An efficient way for the fast elucidation of electrochemical reactions of polycyclic aromatic hydrocarbons has been set-up by coupling electrochemistry on-line to mass spectrometry. With this set-up, an improvement of sensitivity in the LC/MS analysis of PAHs is observed. Due to their low redox potentials, the non-polar PAHs are converted into the respective radical cations, which may further react with constituents of the mobile phase and in additional electrochemical oxidation steps. Among other products, mono-, di- and trioxygenated species are observed in aqueous solutions, alkoxylated compounds in alcohols and solvent adducts in the presence of acetonitrile. Deuterated PAHs and deuterated solvents were used to gain additional information on the formation of the reaction products.

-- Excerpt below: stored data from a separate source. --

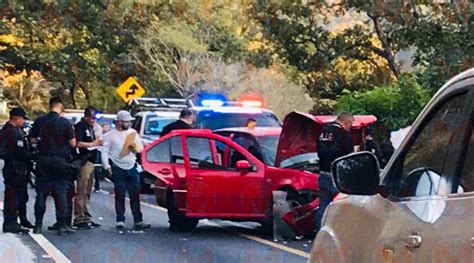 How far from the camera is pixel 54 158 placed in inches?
575

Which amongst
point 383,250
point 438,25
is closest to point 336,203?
point 383,250

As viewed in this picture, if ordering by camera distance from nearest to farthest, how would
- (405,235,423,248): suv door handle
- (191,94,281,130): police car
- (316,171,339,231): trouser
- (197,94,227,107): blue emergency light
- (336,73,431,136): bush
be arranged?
1. (405,235,423,248): suv door handle
2. (316,171,339,231): trouser
3. (191,94,281,130): police car
4. (336,73,431,136): bush
5. (197,94,227,107): blue emergency light

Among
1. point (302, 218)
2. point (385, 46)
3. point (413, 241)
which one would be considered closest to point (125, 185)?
point (302, 218)

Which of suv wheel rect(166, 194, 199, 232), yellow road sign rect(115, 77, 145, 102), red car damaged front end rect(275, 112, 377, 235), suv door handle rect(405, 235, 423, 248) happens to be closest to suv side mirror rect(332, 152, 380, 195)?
suv door handle rect(405, 235, 423, 248)

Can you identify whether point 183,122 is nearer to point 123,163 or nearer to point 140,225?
point 123,163

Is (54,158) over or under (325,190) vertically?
over

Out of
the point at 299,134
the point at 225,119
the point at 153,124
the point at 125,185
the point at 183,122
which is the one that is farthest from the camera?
the point at 153,124

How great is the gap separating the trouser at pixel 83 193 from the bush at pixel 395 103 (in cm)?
725

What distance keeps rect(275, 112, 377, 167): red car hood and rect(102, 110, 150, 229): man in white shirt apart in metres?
2.05

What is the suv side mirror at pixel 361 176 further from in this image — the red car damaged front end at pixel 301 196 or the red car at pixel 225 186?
the red car at pixel 225 186

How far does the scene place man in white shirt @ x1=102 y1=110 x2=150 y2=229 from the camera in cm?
1566

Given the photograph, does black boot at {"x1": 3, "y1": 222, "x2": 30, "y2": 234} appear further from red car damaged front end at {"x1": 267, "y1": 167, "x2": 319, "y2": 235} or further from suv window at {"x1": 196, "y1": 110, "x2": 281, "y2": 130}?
suv window at {"x1": 196, "y1": 110, "x2": 281, "y2": 130}

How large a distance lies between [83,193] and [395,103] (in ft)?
26.0

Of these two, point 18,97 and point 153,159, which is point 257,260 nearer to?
point 153,159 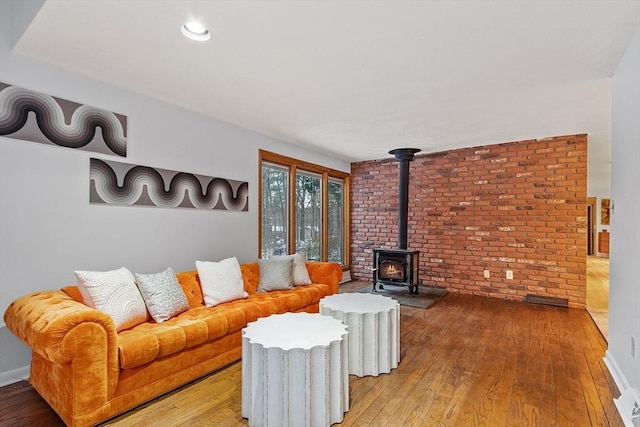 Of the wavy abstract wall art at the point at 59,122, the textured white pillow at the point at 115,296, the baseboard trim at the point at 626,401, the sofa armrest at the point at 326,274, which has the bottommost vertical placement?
the baseboard trim at the point at 626,401

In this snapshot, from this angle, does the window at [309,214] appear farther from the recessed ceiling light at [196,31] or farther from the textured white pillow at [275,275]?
the recessed ceiling light at [196,31]

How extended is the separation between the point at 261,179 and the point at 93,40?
2576 millimetres

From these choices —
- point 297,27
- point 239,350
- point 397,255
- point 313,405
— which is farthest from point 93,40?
point 397,255

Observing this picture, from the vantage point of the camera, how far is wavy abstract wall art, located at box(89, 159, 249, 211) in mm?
2930

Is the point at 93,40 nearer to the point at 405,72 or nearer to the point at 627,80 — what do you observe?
the point at 405,72

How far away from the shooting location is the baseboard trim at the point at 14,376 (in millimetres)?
2388

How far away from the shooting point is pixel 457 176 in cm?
550

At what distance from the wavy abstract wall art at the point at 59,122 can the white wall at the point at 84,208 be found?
0.17 feet

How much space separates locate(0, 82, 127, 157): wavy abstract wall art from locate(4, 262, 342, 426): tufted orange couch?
120 cm

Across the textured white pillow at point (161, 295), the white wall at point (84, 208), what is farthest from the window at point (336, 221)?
the textured white pillow at point (161, 295)

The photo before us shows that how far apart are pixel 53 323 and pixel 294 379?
129cm

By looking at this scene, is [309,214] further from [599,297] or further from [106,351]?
[599,297]

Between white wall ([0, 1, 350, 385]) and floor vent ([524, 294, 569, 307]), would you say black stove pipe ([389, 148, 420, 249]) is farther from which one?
white wall ([0, 1, 350, 385])

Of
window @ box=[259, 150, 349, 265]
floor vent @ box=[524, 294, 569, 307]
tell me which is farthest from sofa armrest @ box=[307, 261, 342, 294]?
floor vent @ box=[524, 294, 569, 307] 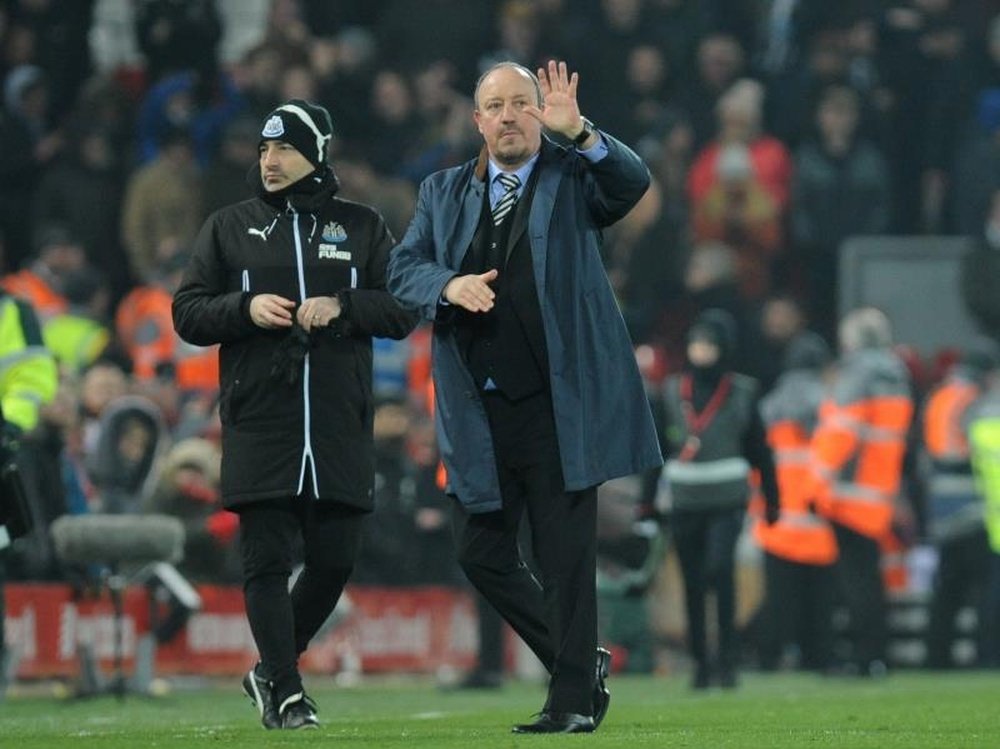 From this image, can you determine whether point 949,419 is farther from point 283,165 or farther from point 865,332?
point 283,165

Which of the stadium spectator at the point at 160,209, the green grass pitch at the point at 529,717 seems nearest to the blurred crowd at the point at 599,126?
the stadium spectator at the point at 160,209

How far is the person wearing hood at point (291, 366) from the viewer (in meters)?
10.8

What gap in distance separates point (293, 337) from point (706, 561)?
306 inches

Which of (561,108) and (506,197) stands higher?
(561,108)

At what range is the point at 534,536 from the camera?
1019 cm

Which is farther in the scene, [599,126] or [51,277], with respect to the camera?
[599,126]

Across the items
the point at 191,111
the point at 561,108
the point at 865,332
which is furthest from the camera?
the point at 191,111

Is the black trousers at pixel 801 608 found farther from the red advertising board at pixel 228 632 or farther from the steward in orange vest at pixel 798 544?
the red advertising board at pixel 228 632

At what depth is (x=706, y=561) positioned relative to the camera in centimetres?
1823

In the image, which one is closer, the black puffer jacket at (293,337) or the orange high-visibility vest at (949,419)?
the black puffer jacket at (293,337)

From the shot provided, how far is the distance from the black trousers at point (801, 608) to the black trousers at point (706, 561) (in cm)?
198

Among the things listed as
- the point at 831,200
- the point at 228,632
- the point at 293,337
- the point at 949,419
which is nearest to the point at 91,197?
the point at 228,632

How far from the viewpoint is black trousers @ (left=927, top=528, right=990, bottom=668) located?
20906 millimetres

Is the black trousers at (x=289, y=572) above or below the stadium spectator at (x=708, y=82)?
below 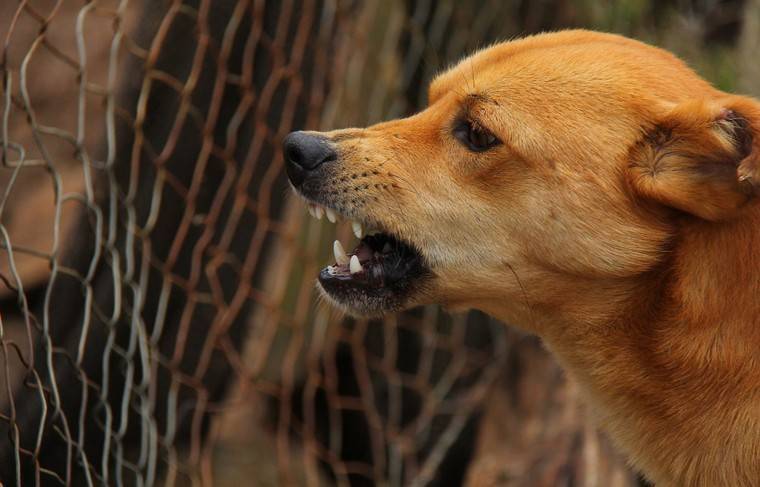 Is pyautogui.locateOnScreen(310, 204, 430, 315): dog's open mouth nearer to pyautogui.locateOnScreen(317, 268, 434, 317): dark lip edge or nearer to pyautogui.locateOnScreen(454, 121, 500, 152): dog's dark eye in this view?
pyautogui.locateOnScreen(317, 268, 434, 317): dark lip edge

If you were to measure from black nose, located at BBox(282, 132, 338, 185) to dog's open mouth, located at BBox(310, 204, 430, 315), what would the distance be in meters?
0.12

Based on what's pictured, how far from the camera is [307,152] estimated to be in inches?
123

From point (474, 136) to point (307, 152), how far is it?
1.70ft

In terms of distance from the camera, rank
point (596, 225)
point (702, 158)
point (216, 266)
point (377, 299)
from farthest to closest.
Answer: point (216, 266) → point (377, 299) → point (596, 225) → point (702, 158)

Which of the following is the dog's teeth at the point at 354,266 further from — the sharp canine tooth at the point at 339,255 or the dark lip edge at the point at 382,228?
the dark lip edge at the point at 382,228

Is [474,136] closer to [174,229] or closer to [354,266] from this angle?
[354,266]

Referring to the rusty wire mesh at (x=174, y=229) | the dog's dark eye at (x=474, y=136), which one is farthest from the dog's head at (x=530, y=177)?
the rusty wire mesh at (x=174, y=229)

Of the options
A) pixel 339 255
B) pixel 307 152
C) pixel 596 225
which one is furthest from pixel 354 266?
pixel 596 225

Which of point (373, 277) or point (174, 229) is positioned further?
point (174, 229)

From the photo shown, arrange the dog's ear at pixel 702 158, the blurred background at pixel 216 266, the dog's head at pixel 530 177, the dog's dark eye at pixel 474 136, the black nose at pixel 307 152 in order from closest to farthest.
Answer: the dog's ear at pixel 702 158, the dog's head at pixel 530 177, the dog's dark eye at pixel 474 136, the black nose at pixel 307 152, the blurred background at pixel 216 266

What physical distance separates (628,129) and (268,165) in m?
1.99

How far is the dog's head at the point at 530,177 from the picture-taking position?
9.38 feet

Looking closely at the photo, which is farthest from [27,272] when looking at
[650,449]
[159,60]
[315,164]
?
[650,449]

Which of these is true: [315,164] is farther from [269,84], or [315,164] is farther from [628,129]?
[269,84] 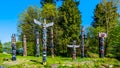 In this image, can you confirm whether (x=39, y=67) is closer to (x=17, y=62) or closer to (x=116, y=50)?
(x=17, y=62)

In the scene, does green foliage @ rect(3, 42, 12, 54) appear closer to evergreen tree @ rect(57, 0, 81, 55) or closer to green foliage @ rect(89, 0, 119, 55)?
evergreen tree @ rect(57, 0, 81, 55)

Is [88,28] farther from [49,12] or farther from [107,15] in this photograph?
[49,12]

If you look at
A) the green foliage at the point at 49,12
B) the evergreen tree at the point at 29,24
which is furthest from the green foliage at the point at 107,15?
the evergreen tree at the point at 29,24

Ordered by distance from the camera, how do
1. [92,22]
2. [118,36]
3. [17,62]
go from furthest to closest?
1. [92,22]
2. [118,36]
3. [17,62]

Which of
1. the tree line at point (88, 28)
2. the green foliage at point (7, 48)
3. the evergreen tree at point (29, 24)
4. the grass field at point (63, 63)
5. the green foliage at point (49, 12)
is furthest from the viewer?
the green foliage at point (7, 48)

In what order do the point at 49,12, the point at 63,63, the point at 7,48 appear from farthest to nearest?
the point at 7,48, the point at 49,12, the point at 63,63

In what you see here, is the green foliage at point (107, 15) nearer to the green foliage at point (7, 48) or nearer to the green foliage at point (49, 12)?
the green foliage at point (49, 12)

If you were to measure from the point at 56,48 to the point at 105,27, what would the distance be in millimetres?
10642

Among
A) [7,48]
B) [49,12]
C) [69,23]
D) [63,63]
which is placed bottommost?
[7,48]

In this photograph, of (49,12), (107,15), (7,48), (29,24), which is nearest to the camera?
(107,15)

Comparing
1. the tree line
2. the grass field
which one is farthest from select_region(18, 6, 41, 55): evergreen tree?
the grass field

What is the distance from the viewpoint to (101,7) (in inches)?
2628

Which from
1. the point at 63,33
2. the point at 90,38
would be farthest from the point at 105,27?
the point at 63,33

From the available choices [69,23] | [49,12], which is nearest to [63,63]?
[69,23] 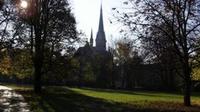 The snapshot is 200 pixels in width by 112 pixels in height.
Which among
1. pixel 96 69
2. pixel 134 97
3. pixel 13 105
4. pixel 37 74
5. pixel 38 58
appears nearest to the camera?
pixel 13 105

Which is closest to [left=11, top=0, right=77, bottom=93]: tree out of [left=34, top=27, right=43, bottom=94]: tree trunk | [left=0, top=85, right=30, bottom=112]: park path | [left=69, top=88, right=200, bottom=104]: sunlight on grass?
[left=34, top=27, right=43, bottom=94]: tree trunk

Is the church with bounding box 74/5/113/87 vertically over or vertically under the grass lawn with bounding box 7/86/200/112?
over

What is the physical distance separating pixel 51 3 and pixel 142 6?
16230 millimetres

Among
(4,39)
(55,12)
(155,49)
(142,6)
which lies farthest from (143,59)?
(4,39)

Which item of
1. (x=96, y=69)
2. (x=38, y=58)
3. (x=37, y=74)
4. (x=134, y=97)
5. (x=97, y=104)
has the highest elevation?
(x=96, y=69)

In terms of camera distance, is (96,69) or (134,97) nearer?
(134,97)

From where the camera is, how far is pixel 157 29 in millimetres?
29109

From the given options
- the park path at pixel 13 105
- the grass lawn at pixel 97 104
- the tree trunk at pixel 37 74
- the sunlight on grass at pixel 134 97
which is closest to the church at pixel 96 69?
the sunlight on grass at pixel 134 97

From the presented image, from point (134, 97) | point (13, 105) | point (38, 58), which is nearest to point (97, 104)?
point (13, 105)

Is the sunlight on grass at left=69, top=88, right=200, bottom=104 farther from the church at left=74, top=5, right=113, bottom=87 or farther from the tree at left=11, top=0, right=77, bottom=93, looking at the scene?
the church at left=74, top=5, right=113, bottom=87

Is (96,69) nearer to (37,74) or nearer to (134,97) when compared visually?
(134,97)

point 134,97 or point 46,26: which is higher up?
point 46,26

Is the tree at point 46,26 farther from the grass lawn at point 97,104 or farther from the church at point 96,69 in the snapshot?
the church at point 96,69

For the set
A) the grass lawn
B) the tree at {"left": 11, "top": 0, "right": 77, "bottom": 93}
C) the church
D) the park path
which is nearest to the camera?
the park path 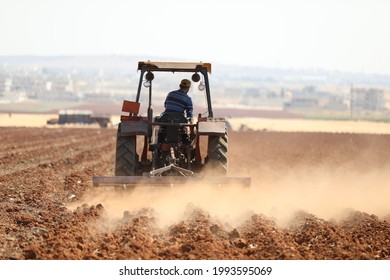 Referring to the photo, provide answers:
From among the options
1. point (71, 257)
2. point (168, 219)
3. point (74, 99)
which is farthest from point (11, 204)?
point (74, 99)

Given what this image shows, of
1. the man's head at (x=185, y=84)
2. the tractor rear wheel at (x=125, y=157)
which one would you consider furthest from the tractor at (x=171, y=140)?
the man's head at (x=185, y=84)

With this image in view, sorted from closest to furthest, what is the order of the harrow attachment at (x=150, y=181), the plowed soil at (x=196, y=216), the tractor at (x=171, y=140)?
the plowed soil at (x=196, y=216), the harrow attachment at (x=150, y=181), the tractor at (x=171, y=140)

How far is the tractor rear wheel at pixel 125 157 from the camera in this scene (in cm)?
1488

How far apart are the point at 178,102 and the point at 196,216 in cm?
278

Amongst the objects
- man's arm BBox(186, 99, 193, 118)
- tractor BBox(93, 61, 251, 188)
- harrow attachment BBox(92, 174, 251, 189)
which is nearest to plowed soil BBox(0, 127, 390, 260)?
harrow attachment BBox(92, 174, 251, 189)

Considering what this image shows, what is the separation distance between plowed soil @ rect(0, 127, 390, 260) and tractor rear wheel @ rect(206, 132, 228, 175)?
56cm

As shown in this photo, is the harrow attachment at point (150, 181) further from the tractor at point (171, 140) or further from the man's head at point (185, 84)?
the man's head at point (185, 84)

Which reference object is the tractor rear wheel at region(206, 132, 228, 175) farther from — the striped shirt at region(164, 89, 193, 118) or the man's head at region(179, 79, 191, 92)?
the man's head at region(179, 79, 191, 92)

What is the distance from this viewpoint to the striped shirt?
14906mm

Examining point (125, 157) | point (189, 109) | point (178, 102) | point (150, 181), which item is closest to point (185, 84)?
point (178, 102)

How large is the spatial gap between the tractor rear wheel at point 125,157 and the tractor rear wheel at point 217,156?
121 cm

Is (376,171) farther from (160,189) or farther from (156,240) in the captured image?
(156,240)

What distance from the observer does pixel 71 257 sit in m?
9.45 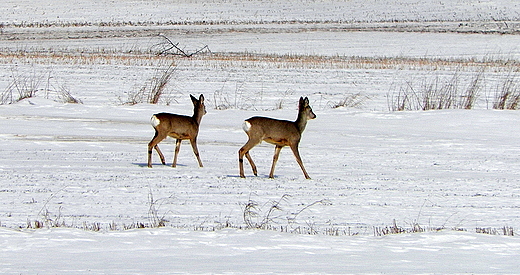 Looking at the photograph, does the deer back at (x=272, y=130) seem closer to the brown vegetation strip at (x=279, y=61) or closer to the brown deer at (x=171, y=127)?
the brown deer at (x=171, y=127)

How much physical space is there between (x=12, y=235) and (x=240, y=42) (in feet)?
154

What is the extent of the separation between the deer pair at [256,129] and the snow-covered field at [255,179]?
1.41ft

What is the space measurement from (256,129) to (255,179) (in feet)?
3.20

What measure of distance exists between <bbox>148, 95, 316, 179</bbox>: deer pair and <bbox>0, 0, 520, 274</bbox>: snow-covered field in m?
0.43

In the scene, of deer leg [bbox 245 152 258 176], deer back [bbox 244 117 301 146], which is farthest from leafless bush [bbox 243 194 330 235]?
deer leg [bbox 245 152 258 176]

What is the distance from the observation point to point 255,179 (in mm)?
11867

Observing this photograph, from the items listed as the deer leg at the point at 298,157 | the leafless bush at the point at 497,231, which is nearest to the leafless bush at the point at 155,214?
the deer leg at the point at 298,157

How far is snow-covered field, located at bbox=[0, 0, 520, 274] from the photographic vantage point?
688 centimetres

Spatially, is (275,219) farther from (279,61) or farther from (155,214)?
(279,61)

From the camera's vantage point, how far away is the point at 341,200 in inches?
412

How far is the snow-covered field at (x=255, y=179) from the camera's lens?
22.6ft

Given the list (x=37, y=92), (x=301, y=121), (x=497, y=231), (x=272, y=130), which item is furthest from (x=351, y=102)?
(x=497, y=231)

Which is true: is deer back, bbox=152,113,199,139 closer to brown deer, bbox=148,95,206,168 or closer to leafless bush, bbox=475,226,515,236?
brown deer, bbox=148,95,206,168

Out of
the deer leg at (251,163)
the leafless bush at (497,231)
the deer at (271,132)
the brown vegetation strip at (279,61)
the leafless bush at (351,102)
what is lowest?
the leafless bush at (497,231) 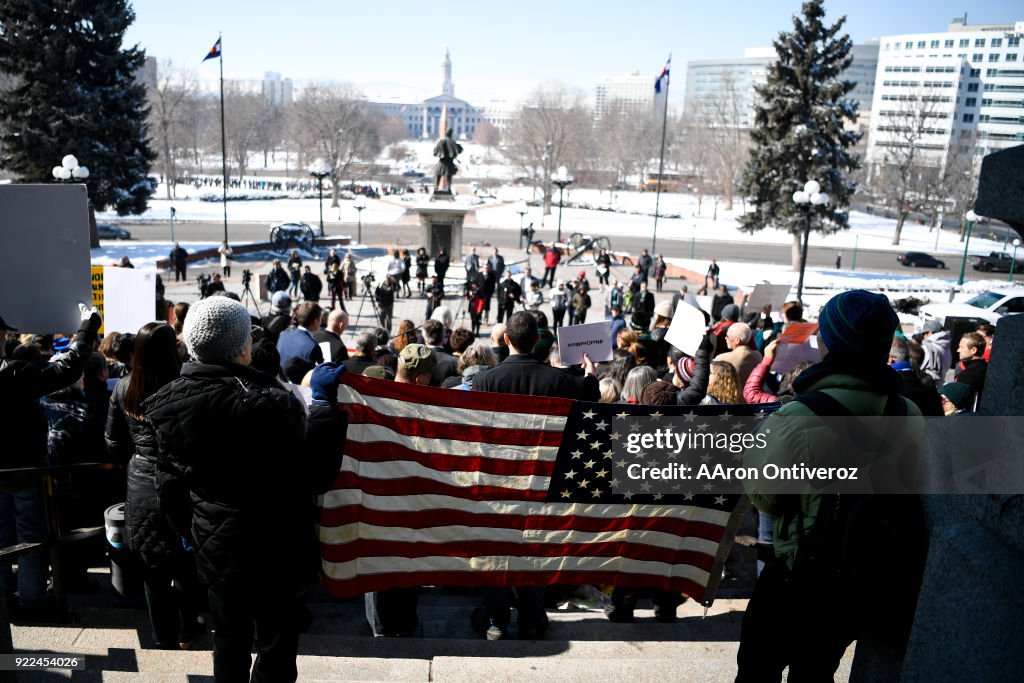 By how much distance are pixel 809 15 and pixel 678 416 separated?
38162mm

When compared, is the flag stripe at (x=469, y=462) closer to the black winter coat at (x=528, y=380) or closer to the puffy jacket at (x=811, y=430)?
the black winter coat at (x=528, y=380)

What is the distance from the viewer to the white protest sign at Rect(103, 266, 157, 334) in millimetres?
8414

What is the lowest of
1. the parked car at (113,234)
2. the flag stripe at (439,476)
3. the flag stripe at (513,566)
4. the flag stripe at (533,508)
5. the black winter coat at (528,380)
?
the parked car at (113,234)

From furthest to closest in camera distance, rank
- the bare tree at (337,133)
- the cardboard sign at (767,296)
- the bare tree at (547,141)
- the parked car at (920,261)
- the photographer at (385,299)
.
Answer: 1. the bare tree at (547,141)
2. the bare tree at (337,133)
3. the parked car at (920,261)
4. the photographer at (385,299)
5. the cardboard sign at (767,296)

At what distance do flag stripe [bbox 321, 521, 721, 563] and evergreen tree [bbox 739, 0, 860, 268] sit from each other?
35.0m

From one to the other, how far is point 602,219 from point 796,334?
59481 mm

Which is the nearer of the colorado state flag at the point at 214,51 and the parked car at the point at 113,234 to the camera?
the colorado state flag at the point at 214,51

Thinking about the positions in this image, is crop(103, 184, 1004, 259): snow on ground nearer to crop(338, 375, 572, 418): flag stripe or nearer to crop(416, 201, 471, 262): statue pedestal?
crop(416, 201, 471, 262): statue pedestal

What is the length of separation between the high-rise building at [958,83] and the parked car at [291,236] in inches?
2675

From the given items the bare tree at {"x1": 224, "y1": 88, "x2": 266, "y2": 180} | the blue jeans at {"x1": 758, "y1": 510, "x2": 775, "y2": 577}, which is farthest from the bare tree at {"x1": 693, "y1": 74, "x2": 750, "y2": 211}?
the blue jeans at {"x1": 758, "y1": 510, "x2": 775, "y2": 577}

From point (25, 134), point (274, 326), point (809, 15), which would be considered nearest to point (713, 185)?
point (809, 15)

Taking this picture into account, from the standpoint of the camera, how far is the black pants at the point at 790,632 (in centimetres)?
285

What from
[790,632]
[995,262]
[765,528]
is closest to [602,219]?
[995,262]

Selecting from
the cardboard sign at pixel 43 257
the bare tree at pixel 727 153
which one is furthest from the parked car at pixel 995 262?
the cardboard sign at pixel 43 257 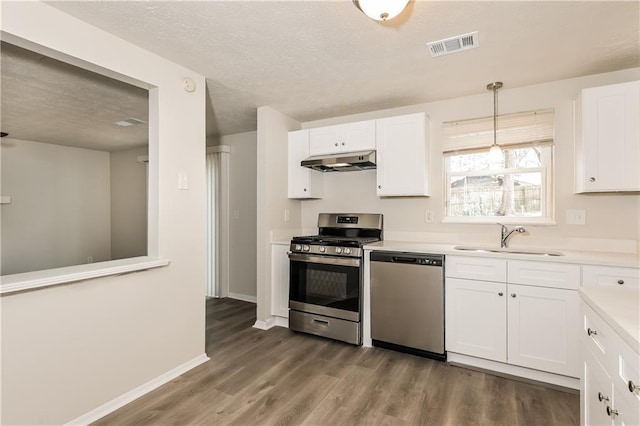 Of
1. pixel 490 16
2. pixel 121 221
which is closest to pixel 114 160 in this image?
pixel 121 221

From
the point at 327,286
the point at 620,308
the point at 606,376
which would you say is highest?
the point at 620,308

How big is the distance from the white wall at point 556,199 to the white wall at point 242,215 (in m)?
1.36

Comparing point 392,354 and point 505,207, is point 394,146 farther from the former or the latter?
point 392,354

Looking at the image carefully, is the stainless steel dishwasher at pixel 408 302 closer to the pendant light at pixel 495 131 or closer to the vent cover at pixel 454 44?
the pendant light at pixel 495 131

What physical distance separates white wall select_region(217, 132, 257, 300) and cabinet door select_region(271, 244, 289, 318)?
42.1 inches

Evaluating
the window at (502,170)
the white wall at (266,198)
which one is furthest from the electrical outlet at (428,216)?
the white wall at (266,198)

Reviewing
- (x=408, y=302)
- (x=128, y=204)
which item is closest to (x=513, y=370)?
(x=408, y=302)

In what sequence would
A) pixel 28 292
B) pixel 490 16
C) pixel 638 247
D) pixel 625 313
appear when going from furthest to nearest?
pixel 638 247 < pixel 490 16 < pixel 28 292 < pixel 625 313

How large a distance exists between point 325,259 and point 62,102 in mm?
3102

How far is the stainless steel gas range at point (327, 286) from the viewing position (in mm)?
2871

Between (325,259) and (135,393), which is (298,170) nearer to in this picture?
(325,259)

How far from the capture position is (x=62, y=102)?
10.4ft

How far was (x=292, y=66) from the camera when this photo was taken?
240 cm

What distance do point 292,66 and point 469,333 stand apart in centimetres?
252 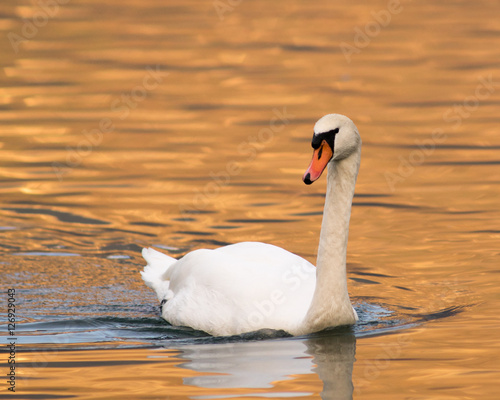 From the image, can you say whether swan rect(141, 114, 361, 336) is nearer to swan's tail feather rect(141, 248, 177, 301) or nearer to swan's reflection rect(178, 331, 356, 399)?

The determination of selected nitroaromatic compounds by means of LC/MS with electron capture ionization using a commercial atmospheric pressure chemical ionization (APCI) interface in the negative ion mode was carried out. The electron capture effect is observed for nitroaromatics which do not easily undergo deprotonation under these conditions. Depending on the structure of the analytes, either dissociative or non-dissociative electron capture is observed. Limits of detection and linear range for the determination of the analytes match those obtained for nitroaromatics which undergo deprotonation. The investigated substances comprise numerous substituted nitrobenzenes and nitrobenzoxadiazols including the amine derivatives of 4-chloro-7-nitro-2,1,3-benzoxadiazole (NBDCl) as well as the isocyanate derivatives of 4-nitro-7-piperazino-2,1,3-nitrobenzoxadiazole (NBDPZ). The parameters favoring electron capture mechanisms have been thoroughly investigated under consideration of the competing mechanism of deprotonation to allow a better understanding of the electron capture process and to improve sensitivity and selectivity of the analysis.

Liquid chromatography/coordination ionspray-mass spectrometry has been used for the identification of reaction products in a model rubber vulcanization process. After LC separation using reversed-phase conditions, AgBF4 was used to form a charged cation-analyte complex, which was detected by ESI-MS. Strong signals were observed for vulcanization accelerators and products of the reaction between these and alkenes. The method performs best for substances containing sulfur chains with chainlengths between two and eight sulfur atoms, but sulfur-free compounds containing triethoxysilyl groups were detected as well. For the latter, the post-column addition of NaBF4 proved to be a suitable alternative. Besides the vulcanization accelerators, various reaction products, including sulfur-chain bridged alkenes were identified.

A detailed study on the in vitro degradation of a biocompatible poly(ether ester) block copolymer, which is based on poly(ethylene glycol) and poly(butylene terephthalate), was carried out using LC/ESI-MS. All major degradation products and several side-products were identified using both the positive and the negative ion mode, respectively. The data indicate that degradation does not only occur in the “soft”, but also in the “hard” segment of the polymer. Liquid chromatographic separation is required to distinguish between isomers. The addition of ammonium and sodium ions provided important complementary information on the number of monomer units.